The problem Direct Connect was built to solve

Before Direct Connect, connecting a data center to AWS meant a Site-to-Site VPN: an IPsec tunnel from your edge router to a virtual private gateway, riding the public internet the whole way. That works, and for modest traffic it's still the right answer. But the public internet gives you three things you can't design around: variable latency (your packets take whatever path BGP on the open internet chooses, hop to hop), jitter (that path changes, so latency wanders), and throughput that tops out at what a single IPsec tunnel and the congested middle can carry. On top of that, every gigabyte you pull out of AWS over the internet is billed at the internet data-transfer-out rate — the most expensive egress AWS sells.

For a chatty management connection none of that matters. For three terabytes a night, a latency-sensitive database replica, or a trading feed, all of it matters. Direct Connect removes the public internet from the path entirely.

What Direct Connect is — and what it is not

A Direct Connect is a physical cross-connect: a fibre cable, inside a data center AWS calls a Direct Connect location, running from your router (or a partner's) to an AWS router in that same building. You light the fibre, bring up BGP across it, and now there is a private Layer-2/Layer-3 path between your network and AWS that never touches the public internet.

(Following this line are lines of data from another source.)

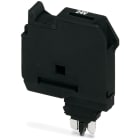 Phoenix Contact - P-FU 5X20 LED 60-EX - Fiche porte-fusible pour bloc de jonction TG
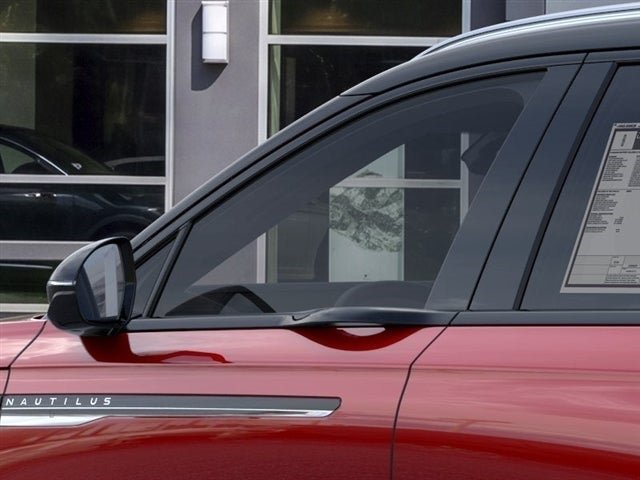 New 2026 Lincoln Nautilus Reserve AWD/4WD image 86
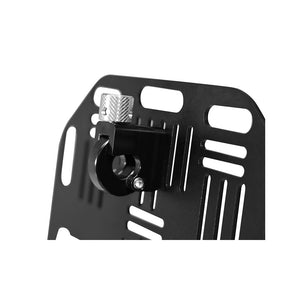NELSON-RIGG Rigg Gear Saddlebag Quick Release Plates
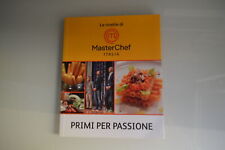 Ricette master chef usato  Cagliari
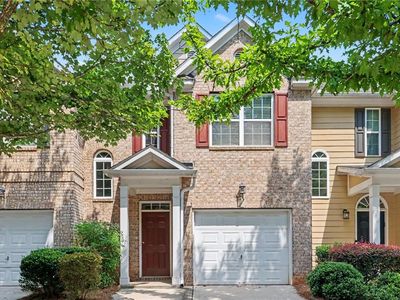 Property at 2870 Cross Creek Ct, Cumming, GA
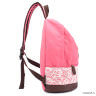 Рюкзак Lace розовый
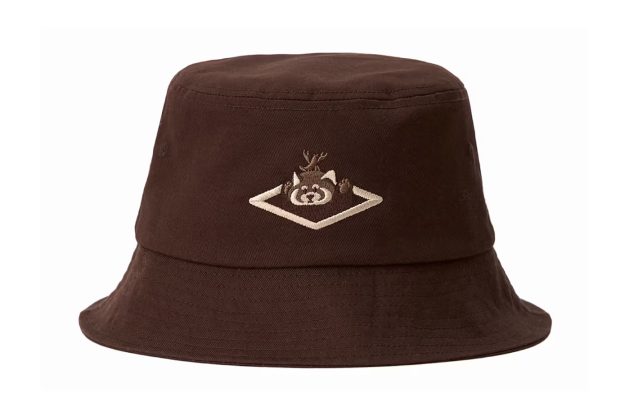 Панама UMBRO x graniph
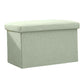 🛋️ LIMITED-TIME 50% OFF! ✨ Storage Cube with Padded Seat – Foldable, Multi-Function, Durable 🧸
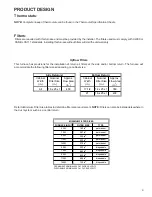 Preview for 9 page of Goodman GME8 Technical Manual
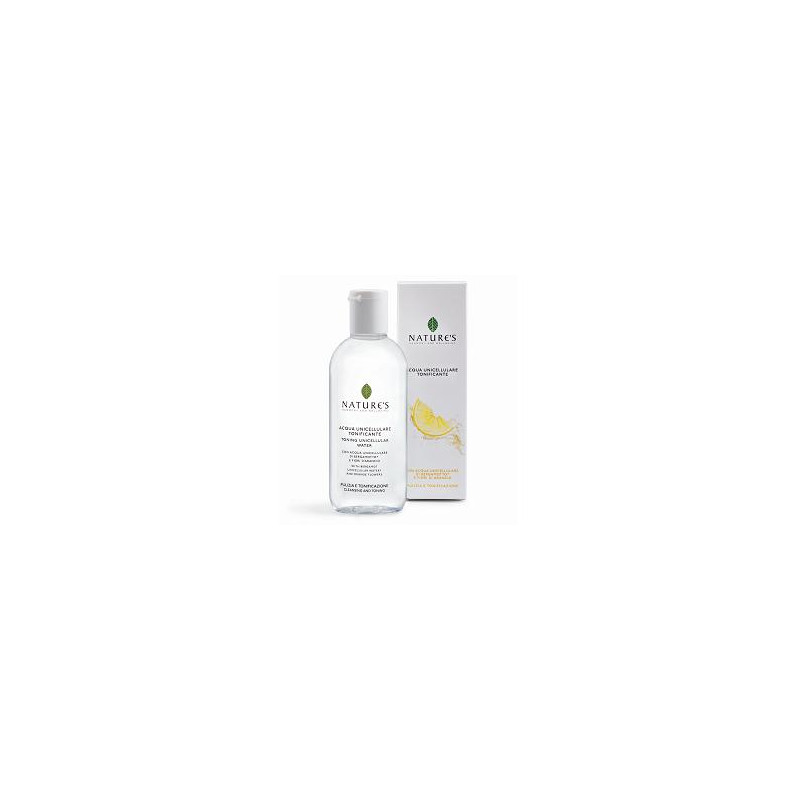 ACQUE UNICELL TONIFICANTE200ML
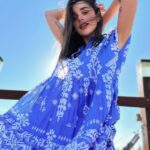 Damlasu İkizoğlu Instagram - ☀️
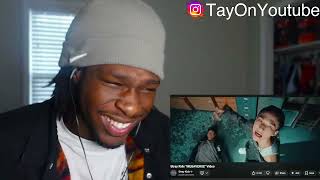 Stray Kids Megaverse Video Reaction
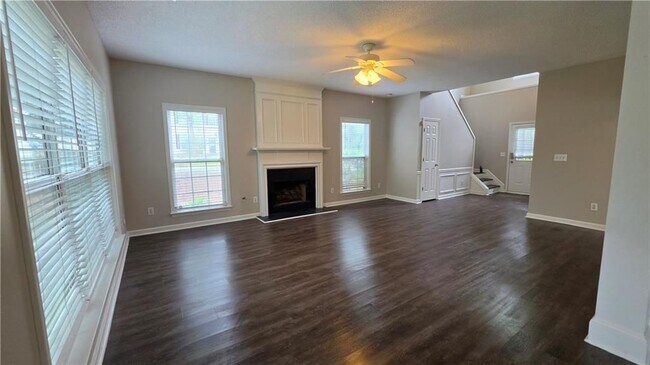 Foto del edificio - 11620 Bentham Ct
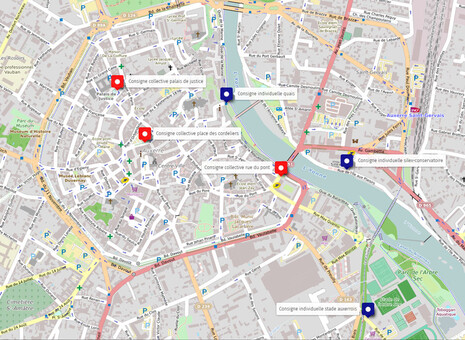 Carte-des-consignes-à-vélos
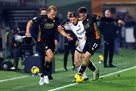 Lecce beat Venice away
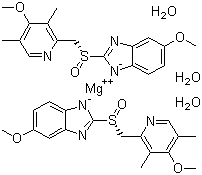 217087-09-7 埃索美拉唑镁三水合物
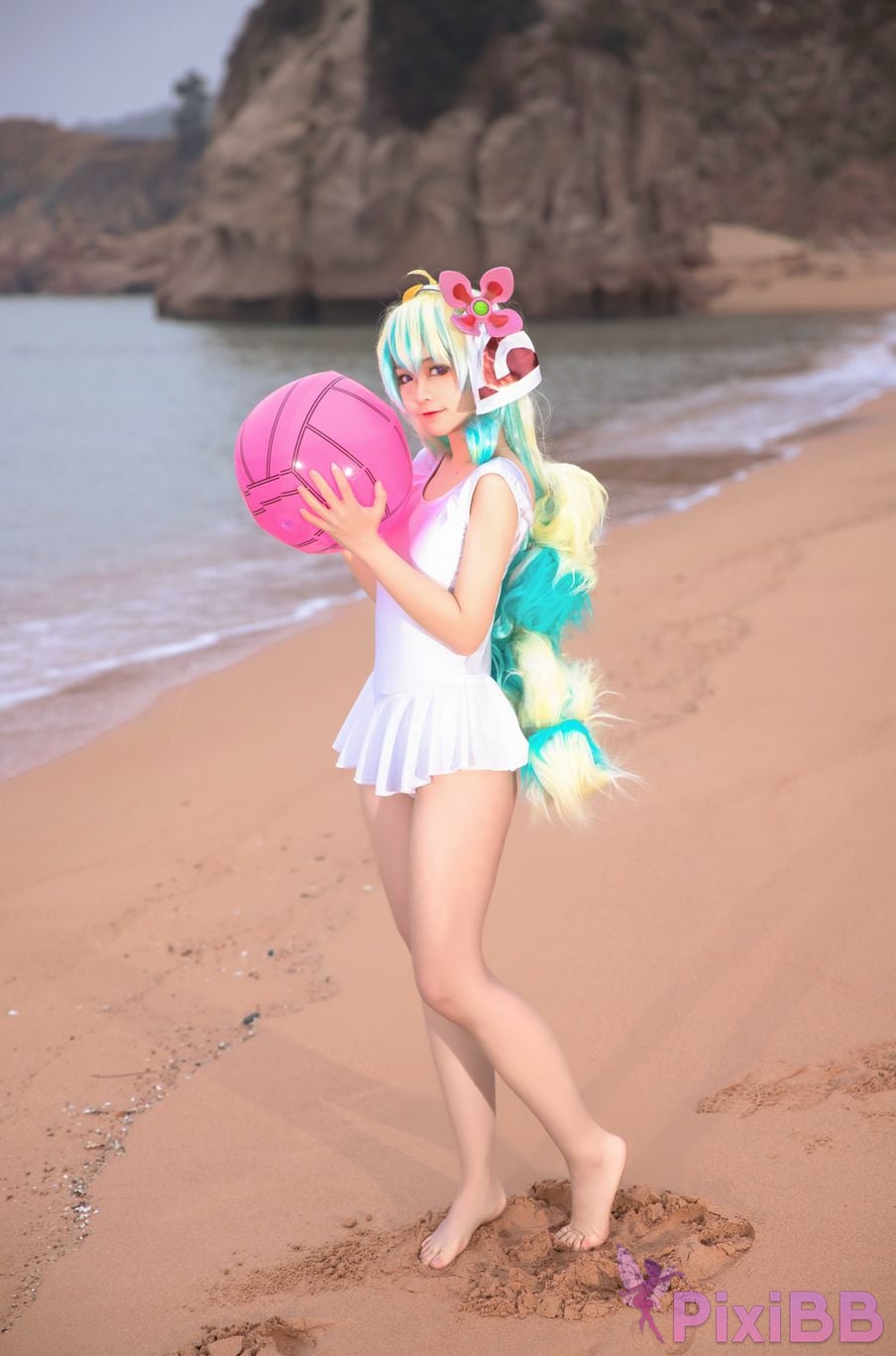 Coser G44 Vol.026 PixiBB.COM 011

Being precise about what it is not saves you from three common misconceptions:

  • It is not a VPN. There is no tunnel and no encryption by default — it's a dedicated link, not an encrypted one.
  • It is not the internet. There is no shared path and no route flapping; latency is consistent because the path is fixed.
  • It is not, by itself, "private and secure." It is private in the sense that no one else is on your fibre. It is not confidential unless you add encryption on top.
·
Mental Model A VPN is the public road with an armored car: encrypted, but stuck in the same traffic as everyone else, and the route changes daily. Direct Connect is a dedicated lane you lease into AWS's building: consistent and yours, but you pay for the lane whether or not a car is on it — and the lane itself isn't armored unless you add the armor.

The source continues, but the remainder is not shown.